A Prefeitura de Canoas afirmou que a mulher fez o registro online para receber o benefício, mas ainda não retirou a cesta básica. Ela está cadastrada como moradora da cidade no cadastro único nacional de pessoas em situação de pobreza ou extrema pobreza.
Isso quer dizer que todos os que sacaram fora do RJ são fantasmas? Não necessariamente. A reportagem falou com uma advogada de Pelotas (RS) que mora na capital fluminense e alega ter efetivamente trabalhado, mas sacado os salários durante viagens para a sua cidade.
As retiradas de dinheiro da Ceperj foram registradas em 16 estados, além do Rio. Depois do Rio Grande do Sul, vem Minas Gerais (44 pessoas, que sacaram ao todo R$ 256 mil); São Paulo (19, com R$ 65,1 mil) e Espírito Santo (15, com R$ 63,1 mil). No Pará, uma pessoa sacou R$ 4.740.
Quem sacou mais dinheiro fora do Rio foi um homem que fez cinco retiradas em agências do Distrito Federal totalizando R$ 44,2 mil. O UOL não conseguiu contato com ele.
Esses saques podem ser mais um caminho de investigação dos fantasmas da Ceperj pelo MP-RJ (Ministério Público do Rio). Os promotores já pediram inclusive imagens de agências bancárias para saber se as pessoas que retiravam o dinheiro eram as próprias contratadas ou se alguém centralizava os saques.
Após as reportagens do UOL, o MP-RJ entrou com uma ação que culminou com uma decisão da Justiça de interrupção de todos os pagamentos e novas contratações da Ceperj sem transparência.
O que o UOL já revelou
Em reportagem exclusiva, o UOL mostrou em junho uma estimativa de que o governo do Rio mantinha ao menos 18 mil vagas de trabalho na Ceperj sem nenhuma transparência. O número depois foi atualizado para ao menos 20 mil, após as folhas de pagamento começarem a ser reveladas por pressão do MP-RJ
Levantamento feito com dados da Secretaria Estadual de Fazenda mostrou que Cláudio Castro aumentou em 25 vezes o orçamento da fundação desde que assumiu o cargo. Somente neste ano, o incremento chegou a R$ 300 milhões até junho.

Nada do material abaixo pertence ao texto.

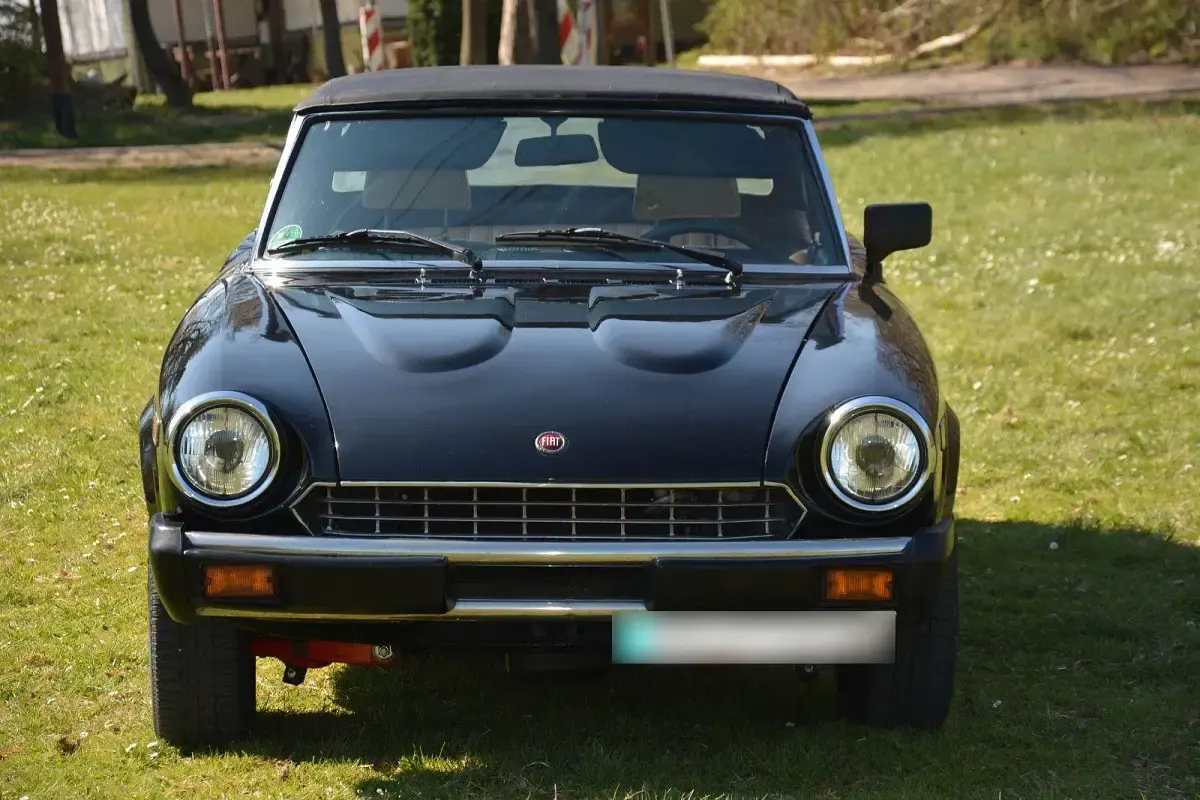 Gebraucht Fiat 124 Spider 105 PS (77 kW) 1981 Schwarz Cabrio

Uma planilha elaborada pela Secretaria de Trabalho implica diretamente Castro no escândalo. O documento recebeu o nome de "governador" e tratava do orçamento para 9.000 cargos secretos. Procurada, a Secretaria de Trabalho afirmou que iria apurar se houve "um erro na confecção da planilha".
Após a revelação do UOL, o governo chegou a colocar o documento sob sigilo, mas voltou atrás.
Reportagem exclusiva também mostrou que polos do programa Casa do Trabalhador, o maior dentre os que têm folhas de pagamento secretas, estão sendo controlados por pré-candidatos do Podemos, partido presidido pelo secretário de Trabalho e Renda, Patrique Welber. A pasta afirmou que "as unidades do projeto são equipamentos públicos e não têm finalidade político-partidária".
A Ceperj usou um código genérico para esconder os beneficiados em R$ 284 milhões pagos aos cargos secretos.
Uma planilha do Banco Bradesco enviada ao MP-RJ revelou que R$ 226,4 milhões em dinheiro vivo foram sacados somente este ano por funcionários da Ceperj. O volume sacado em espécie nas agências onde os funcionários recebem seus pagamentos representa 91% de tudo o que a fundação pagou a eles em 2022 (R$ 248,9 milhões).